Reproduce only what runs from the line containing "Power Recliner Chair" to the line containing "Oro Laminado Multi" in the records below, inclusive. Keep it exact, and keep the pictures out.

*Records provided:*
▽

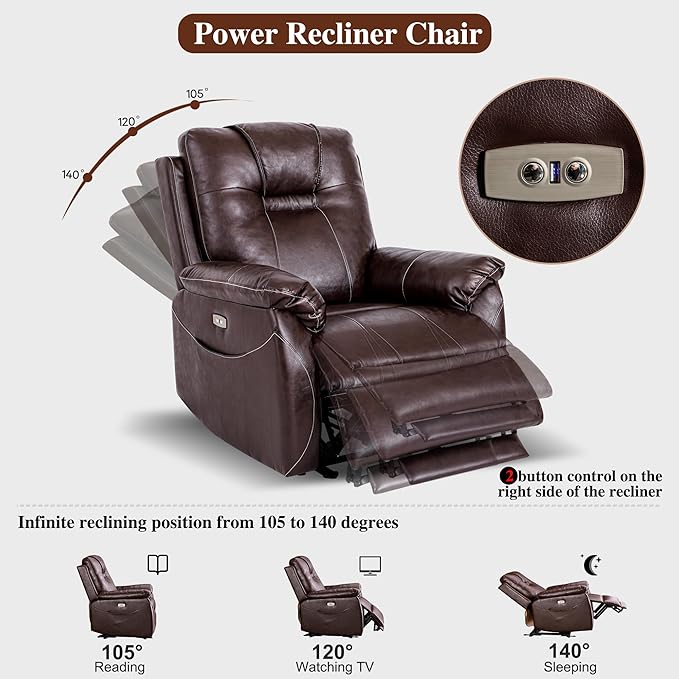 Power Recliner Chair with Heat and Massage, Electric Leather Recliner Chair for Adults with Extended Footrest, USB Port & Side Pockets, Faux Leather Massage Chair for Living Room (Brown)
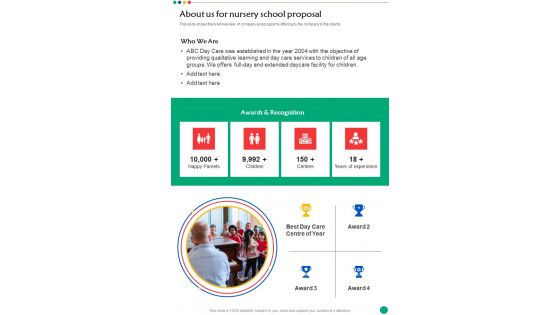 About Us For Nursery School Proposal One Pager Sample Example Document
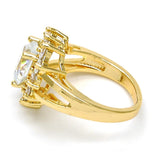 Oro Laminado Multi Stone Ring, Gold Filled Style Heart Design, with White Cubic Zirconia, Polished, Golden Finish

△
▽

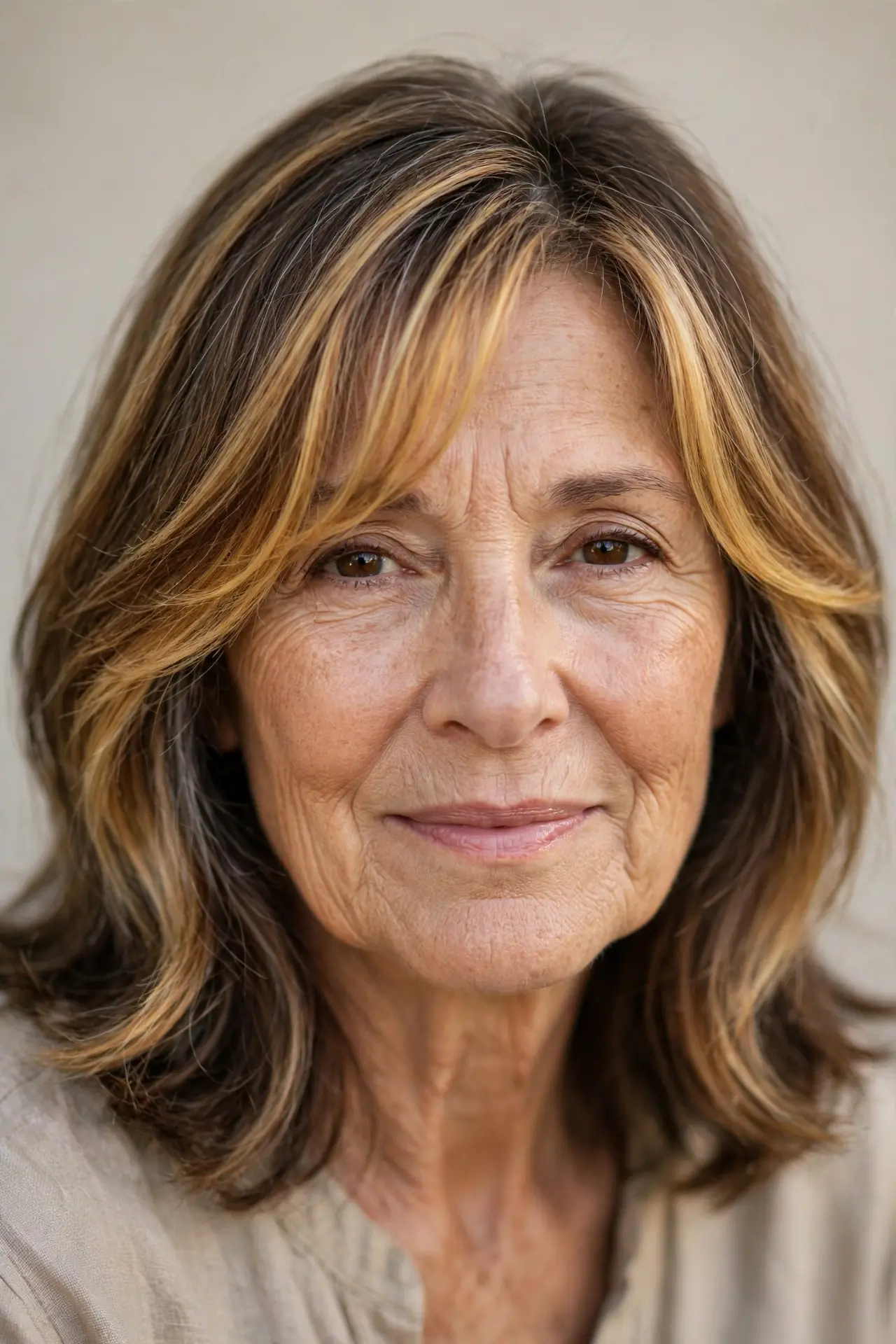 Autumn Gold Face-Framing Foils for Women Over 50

△

*Response box:*
 Power Recliner Chair with Heat and Massage, Electric Leather Recliner Chair for Adults with Extended Footrest, USB Port & Side Pockets, Faux Leather Massage Chair for Living Room (Brown)
 About Us For Nursery School Proposal One Pager Sample Example Document
 Oro Laminado Multi Stone Ring, Gold Filled Style Heart Design, with White Cubic Zirconia, Polished, Golden Finish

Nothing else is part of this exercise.